Verordening tot wijziging van de Huisvestingsverordening regio Utrecht 2019 Gemeente Zeist

De raad van de gemeente Zeist;

 

gelezen het voorstel van burgemeester en wethouders d.d. 29 maart 2022;

 

gelet op artikel 4 lid 1 en artikel 40 van de Huisvestingswet 2014;

 

 

besluit:

 

vast te stellen

 

Verordening tot wijziging van de Huisvestingsverordening regio Utrecht 2019 Gemeente Zeist

Artikel I

 

A.

Aan hoofdstuk 3 wordt een paragraaf 3.3. toegevoegd, luidende:

 

Paragraaf 3.3. Opkoopbescherming

 

Artikel 3.3.1. Definities

In deze paragraaf wordt verstaan onder:

  • -

    Beschermde woonruimte: een in artikel 3.3.2. aangewezen woonruimte waarvoor het verbod van artikel 41, eerste lid Huisvestingswet geldt;

  • -

    Datum van inschrijving: de datum van inschrijving in de openbare registers van de akte van levering van de woonruimte aan de nieuwe eigenaar;

  • -

    Prijsgrens opkoopbescherming: de jaarlijks geïndexeerde grens die aangeeft welke woonruimte onder de opkoopbescherming valt;

  • -

    Woonadres: woonadres als bedoeld in artikel 1.1., onder o, onder 1°, van de Wet basisregistratie personen;

  • -

    WOZ-waarde: de waarde van de woonruimte, vastgesteld overeenkomstig de Wet waardering onroerende zaken, en geldend voor het jaar waarin de datum van inschrijving valt;

    (zestigprocentmethode)

Artikel 3.3.2 Beschermde woonruimte

Als beschermde woonruimte wordt aangewezen iedere woonruimte die elk van de vijf volgende kenmerken heeft:

  • a.

    Ze ligt in één van de volgende wijken:

    • -

      Zeist-Oost

    • -

      Zeist-West

    • -

      Zeist-Noord

    • -

      Zeist-Centrum

    • -

      Kernen: Austerlitz, Bosch en Duin, Den Dolder en Huis ter Heide

  • b.

    De WOZ-waarde ligt op de datum van inschrijving op of onder de dan geldende prijsgrens opkoopbescherming (tot 1 juli 2023 € 521.000);

  • c.

    Op de datum van inschrijving was één van de volgende situaties van toepassing:

    • 1.

      de woonruimte was vrij van huur en gebruik,

    • 2.

      de woonruimte was in verhuurde staat voor een periode van minder dan zes maanden, of

    • 3.

      de woonruimte werd verhuurd met een verhuurvergunning opkoopbescherming;

  • d.

    De datum van inschrijving ligt na het tijdstip van inwerkingtreding van dit artikel;

  • e.

    De verkoper of de nieuwe eigenaar is niet de gemeente of een toegelaten instelling.

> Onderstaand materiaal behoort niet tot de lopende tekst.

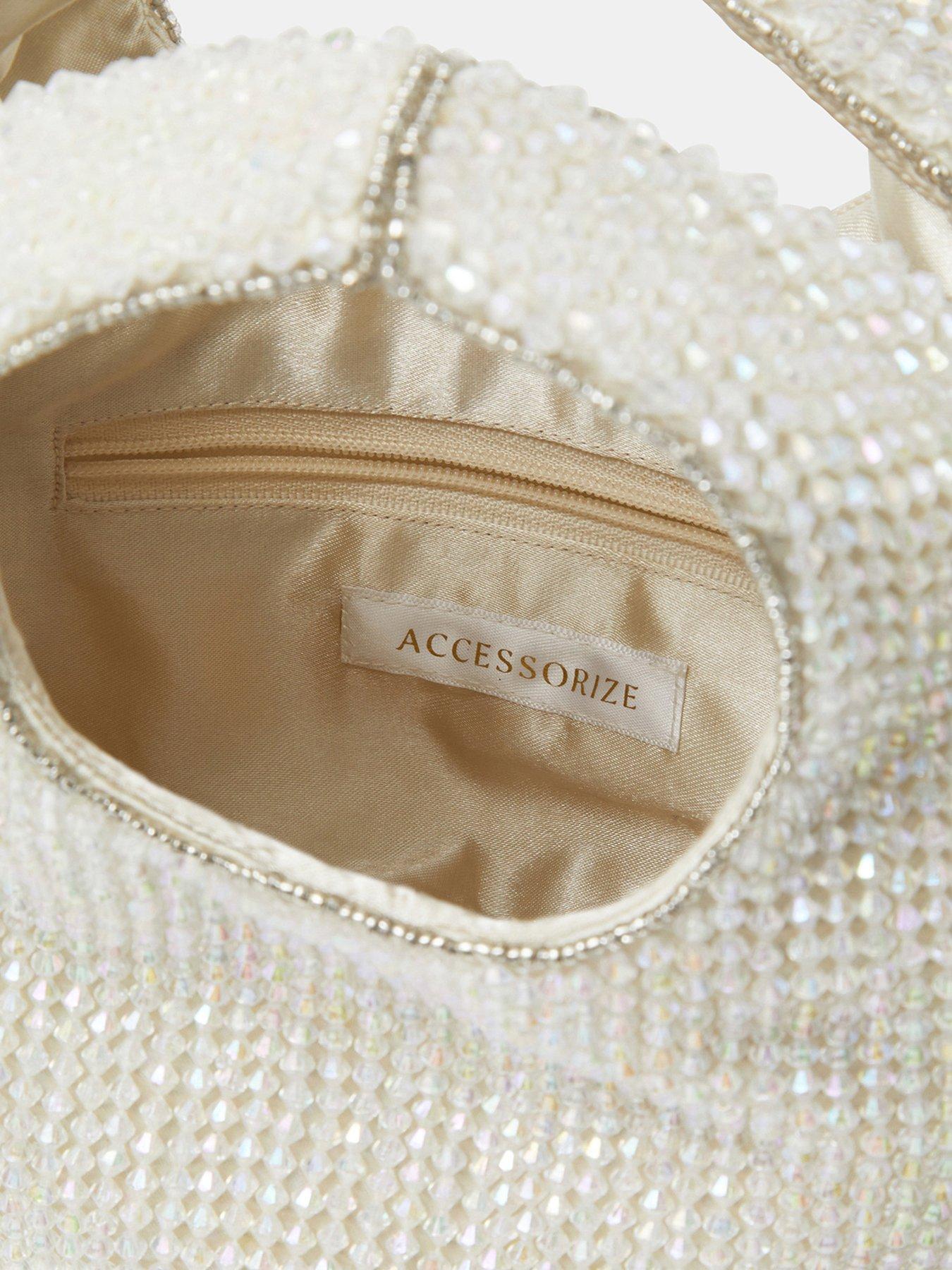 Image 4 of 4 of Accessorize Sparkle Beaded Handheld Bag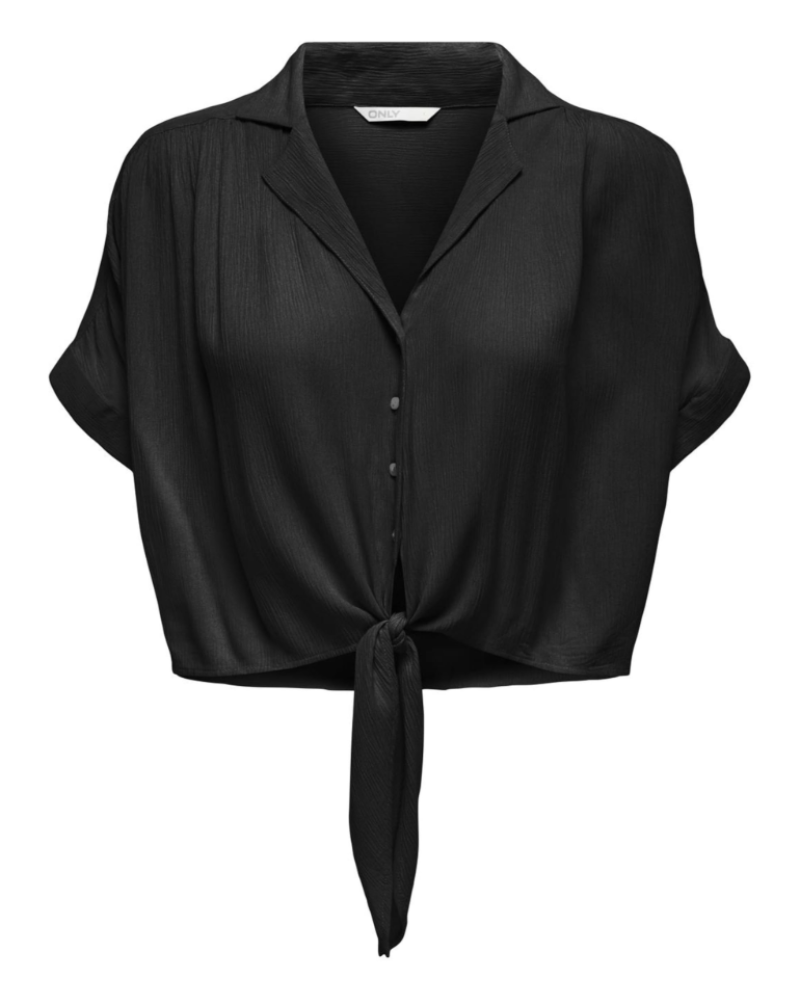Monica Top Donna – T-Shirt in Viscosa con Colletto Ampio & Chiusura con Bottoni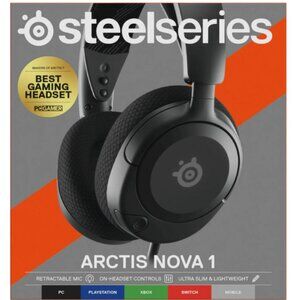 SteelSeries Arctis Nova 1 Black Wired Gaming Headset In Sealed Box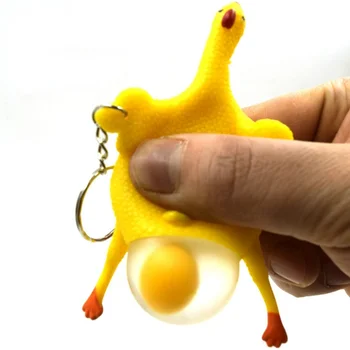 Stoarce Ou de Găină Decompresie Distractiv de Aerisire Pui Breloc Adult Spoof Tot Rick Copii Frământa Jucării Jucarii pentru Copii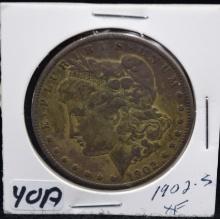1902-S MORGAN DOLLAR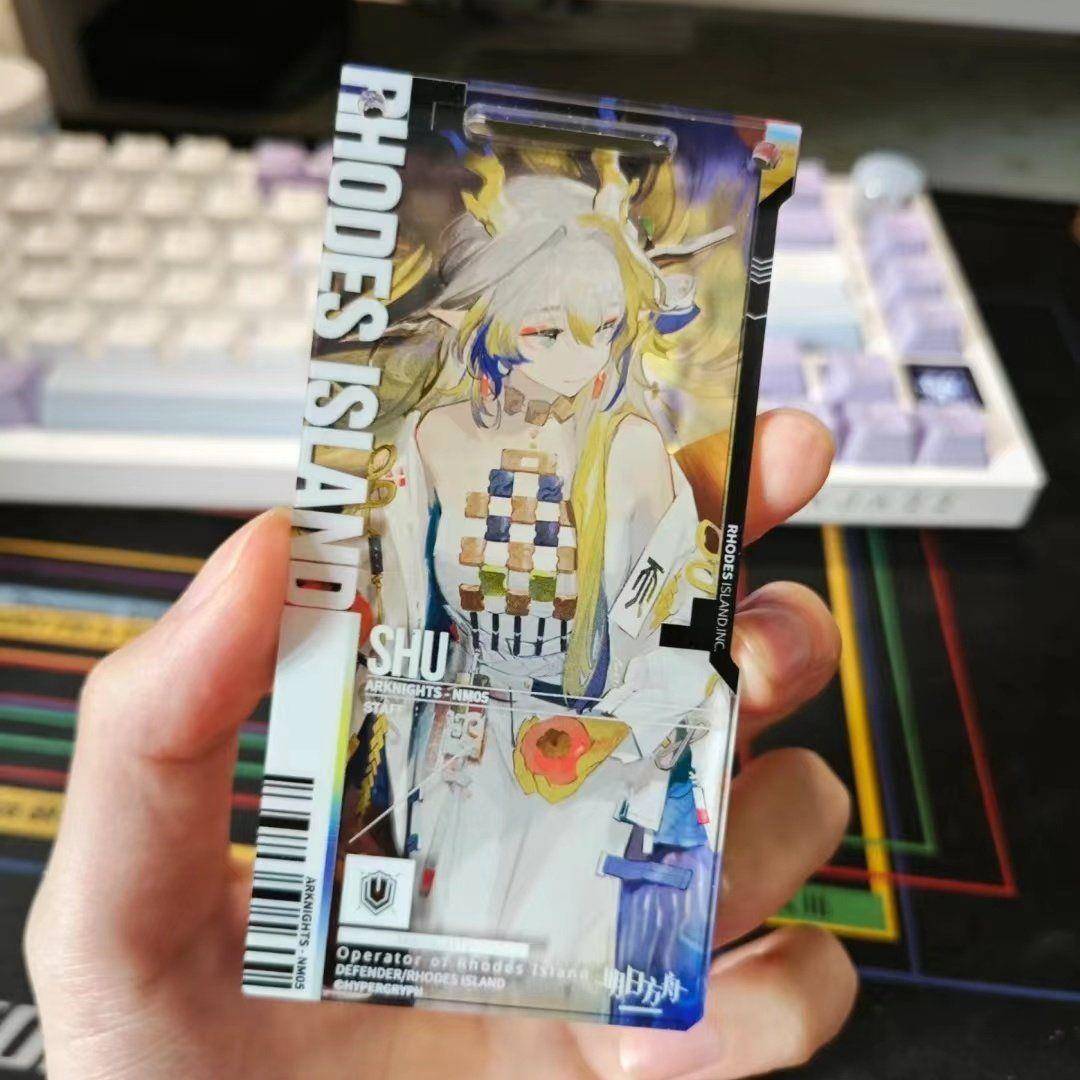 明日方舟周边自制通行证logos送葬人黎钥匙扣背包挂件送闺蜜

Artikel 3.3.3 Prijsgrens opkoopbescherming

  • 1.

    De in artikel 3.3.2 onder b genoemde prijsgrens opkoopbescherming wordt vanaf 1 juli 2023 elk jaar per 1 juli geïndexeerd.

  • 2.

    Burgemeester en wethouders publiceren de aldus geïndexeerde prijsgrens opkoopbescherming in het digitale gemeenteblad.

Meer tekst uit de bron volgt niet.